This calls for a verbatim copy of all the data, with no images carried over.

*Input data*.
※
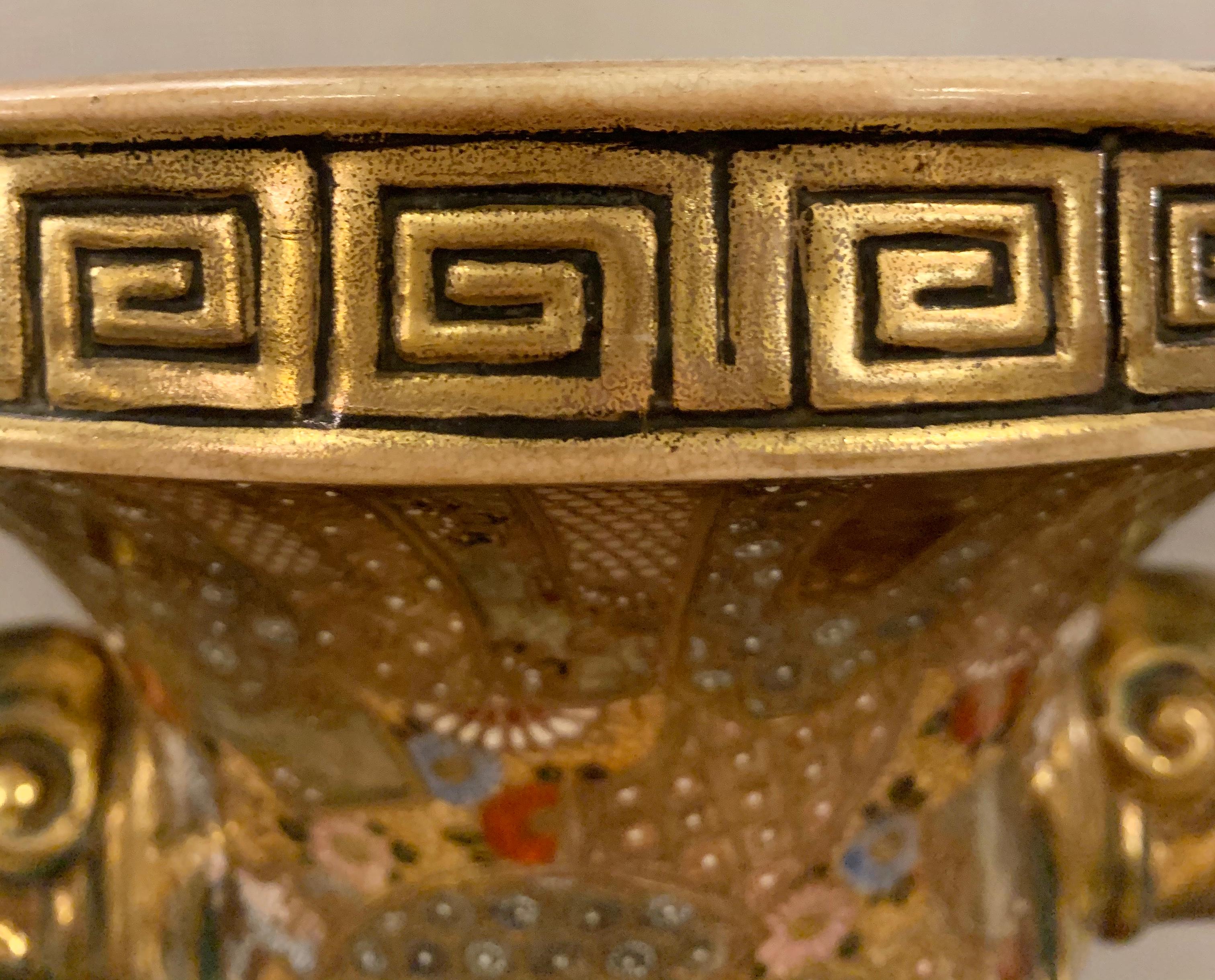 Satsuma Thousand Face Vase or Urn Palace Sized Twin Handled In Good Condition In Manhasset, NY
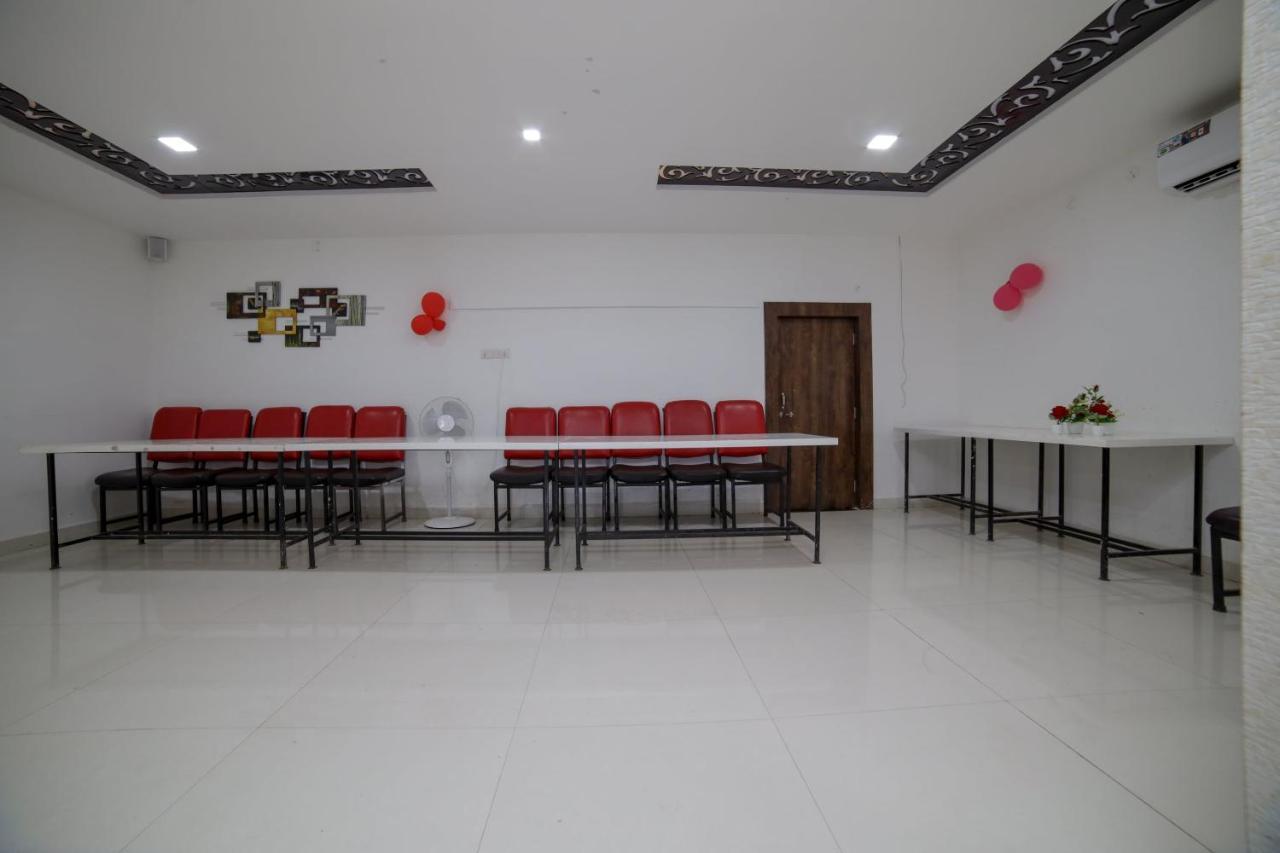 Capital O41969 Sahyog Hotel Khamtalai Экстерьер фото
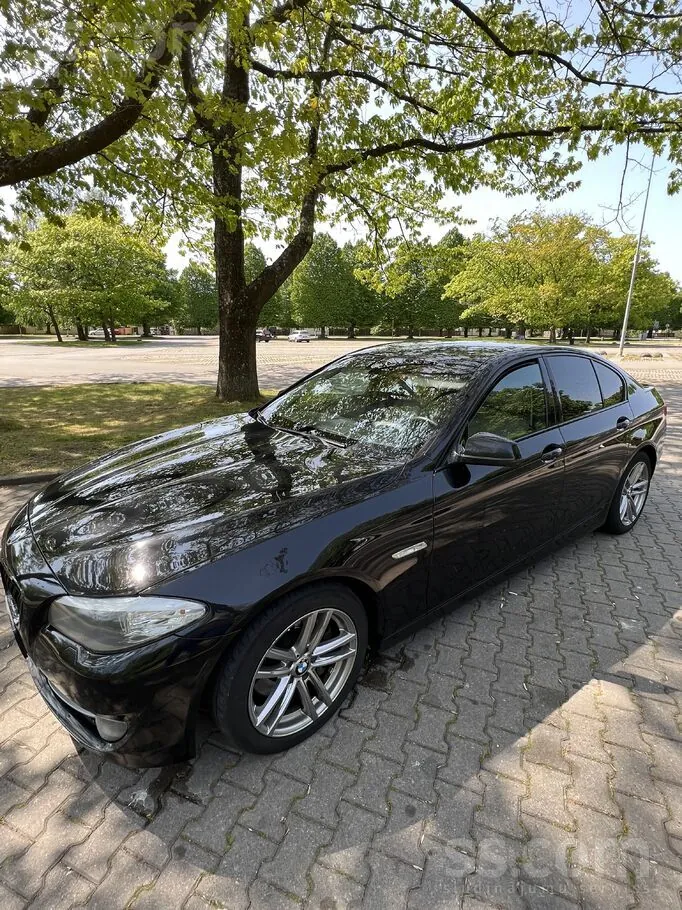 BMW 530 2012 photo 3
※
*Response below*.
 Satsuma Thousand Face Vase or Urn Palace Sized Twin Handled In Good Condition In Manhasset, NY
 Capital O41969 Sahyog Hotel Khamtalai Экстерьер фото
 BMW 530 2012 photo 3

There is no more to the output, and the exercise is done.